Ce n’est pas la seule question qu’il aura botté en touche pendant cet entretien qui a duré une petite dizaine de minutes. Ce premier collaborateur du chef de l’État jure par tous les saints que le pouvoir « n’a aucun problème avec le parti Orange ». Pas très convaincant puisque le porte-parole de cette formation politique est démis de ses fonctions de délégué à l’éducation de Ngazidja après avoir déclaré, dans les colonnes de La Gazette des Comores, que son parti n’était pas prêt à fusionner avec la CRC. « S’il est démis de ses fonctions, c’est Farouata (la gouverneure de Ngazidja, Ndlr) qui peut vous dire le pourquoi. Mais ce que je peux vous assurer, à notre niveau nous n’avons exercé aucune pression ».
Encore faut-il rappeler que les tensions entre les deux partis ne datent pas d’aujourd’hui. En janvier, pendant les législatives, les déclarations du parti au pouvoir ont été l’on ne peut plus inamicales à l’encontre de son allié. C’était, selon les observateurs, les prémices d’une rupture. « Il n’y avait rien d’anormal. Ils avaient des candidats, autant que nous. Alors si quelques pics ont fusé ici et là, cela ne veut pas dire que nous sommes en mésentente. En réalité c’est vous qui voulez créer des problèmes », clame un peu remonté notre interlocuteur.

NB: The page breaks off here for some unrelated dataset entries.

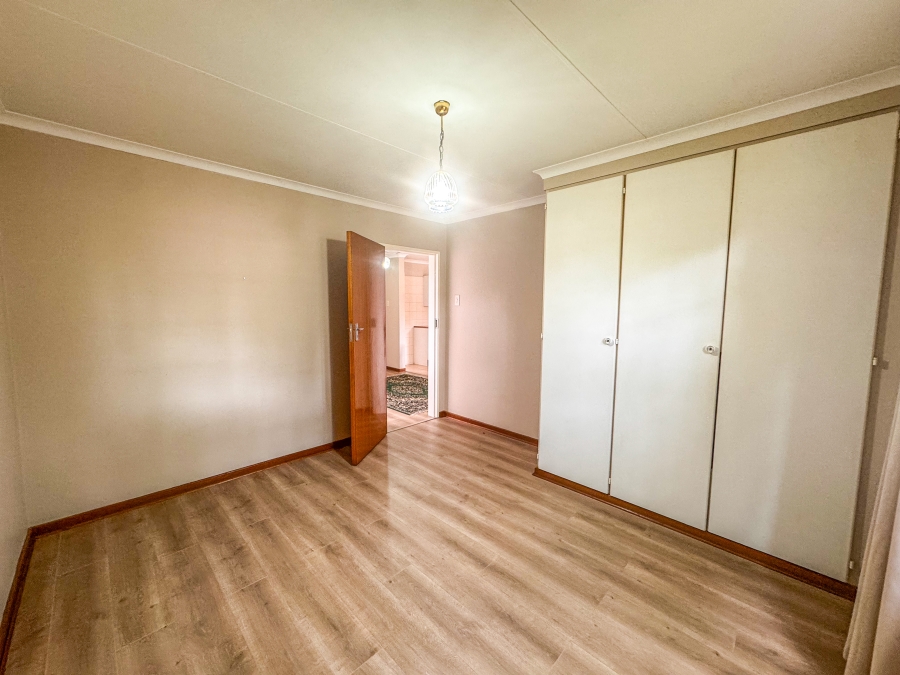 To Let 2 Bedroom Property for Rent in Brummeria Gauteng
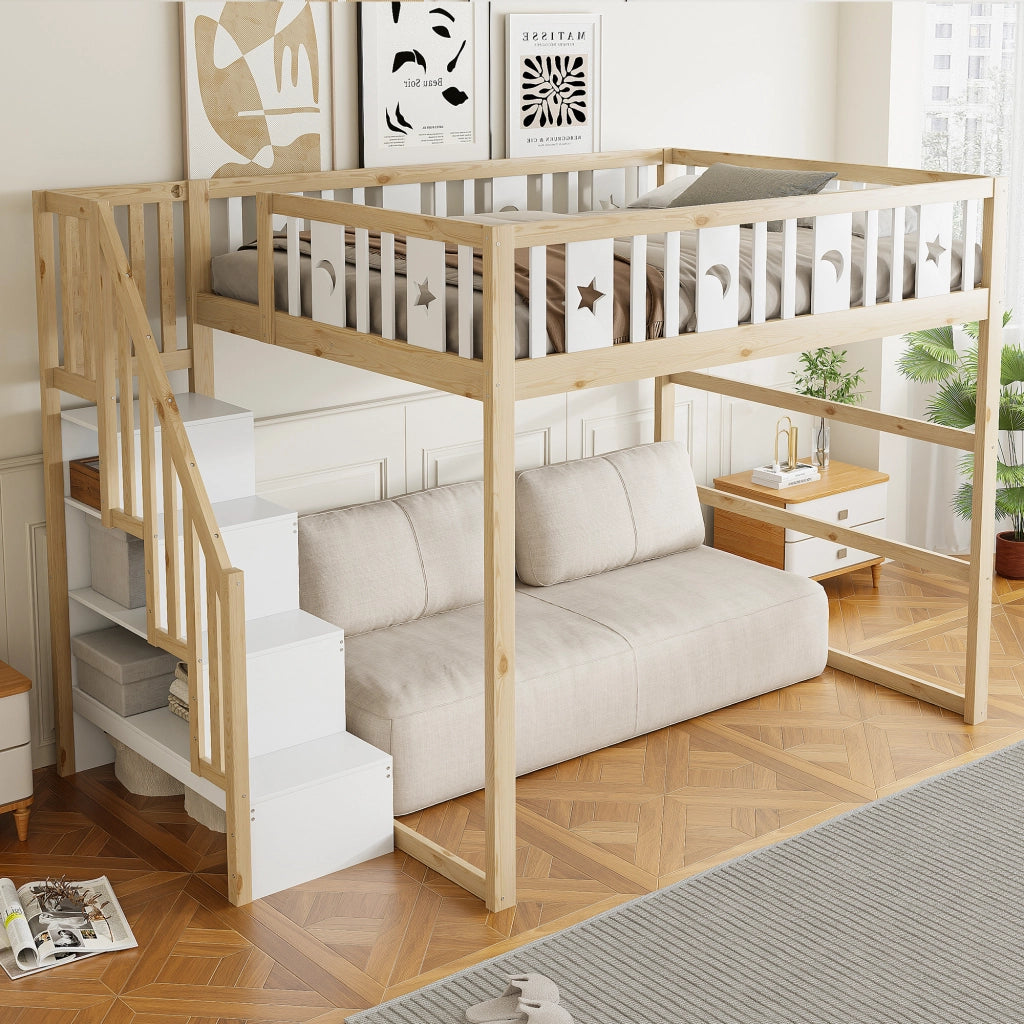 Letto a soppalco 140 × 200 cm con scala e ripiani in legno bianco e naturale con area divano inferiore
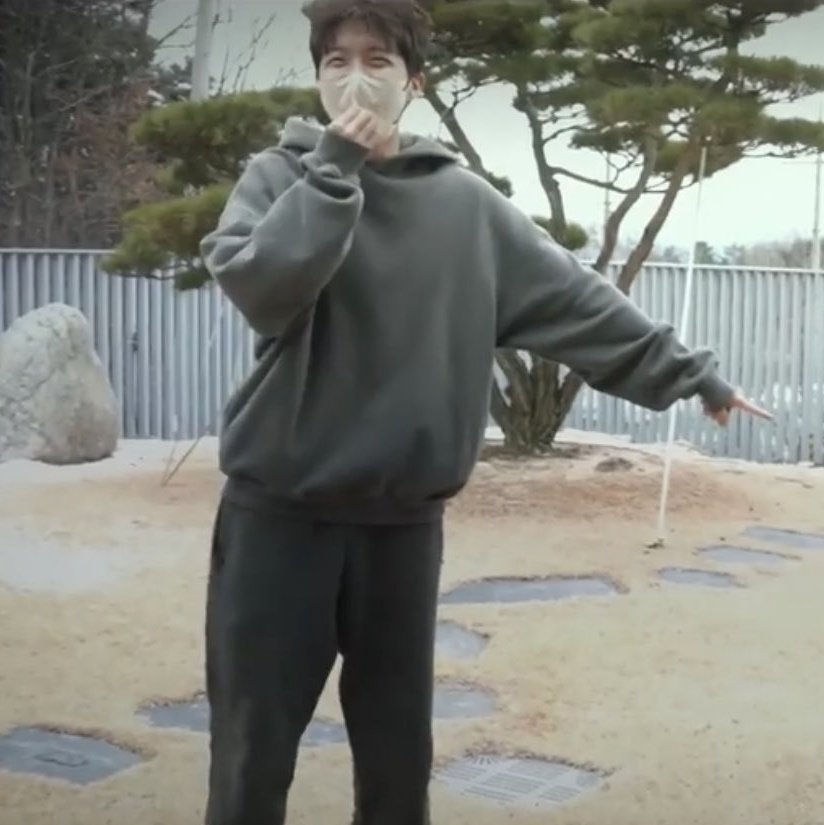 btsargento's tweet photo. — #JHOPE en su documental mostró re feliz y orgulloso la piedra que le hicieron sus padres, en ella está escrito; "HOPE WORLD" 🥺.

#jhopeINTHEBOX @BTS_twt https://t.co/YqMK1GA1Hp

Autre sujet abordé, en non des moindres, l’affaire Mouigni Baraka qui a pris la poudre d’escampette depuis le 6 juillet à bord d’une ambulance de l’hôpital de Mbeni. Pourquoi l’armée est restée 72h à Ntsudjini alors que leur principale cible avait bel et bien décampé ? Chargé de la Défense, Youssoufa Mohamed Ali dément notre information selon laquelle l’armée a été informée le jour-même de cette fuite. Pour ce qui est de l’usage de la force jugé excessif, il réfute ce constat car « il n’y a eu ni mort ni blessé ». « Les militaires qui faisaient des patrouilles régulières ont été violemment pris à partie par des jeunes qui leur lançaient des projectiles. Ces jeunes étaient munis d’armes blanches. Mais ça, vous les médias, vous ne l’évoquerez jamais. Vous ne chercherez non plus à connaître leur commanditaire ».
Le patron de la Défense nationale sous-entend que le commanditaire n’est autre que Mouigni Baraka. Justement, où est-il, le président du Conseil national de transition ? Jusqu’à ce lundi jour de notre entretien, le directeur de cabinet du chef de l’État n’avait « aucune information » sur son lieu de refuge. Des rumeurs circulent sur une possible défection à la Campagnard, ancien numéro 1 du CNT qui a jeté l’éponge et reconnu Azali, après un bref séjour à la gendarmerie en avril de l’année dernière. Le pouvoir serait-il prêt à accepter le mea-culpa de l’ancien gouverneur de Ngazidja ?
« Je ne veux pas aller plus vite que la musique. Donnons du temps au temps ». Ainsi a pris fin notre entretien avec le directeur de cabinet du chef de l’État et non moins secrétaire général de la CRC. Pour mémoire, l’opposition, à la tête de laquelle Mouigni Baraka, avait choisi Ntsudjini pour célébrer le 6 juillet, la fête nationale des Comores. La célébration a été interdite par la préfecture d’Itsandra. Le procureur de la République avait annoncé avoir eu des renseignements sur des opposants qui auraient voulu fomenter des troubles ce 6 juillet.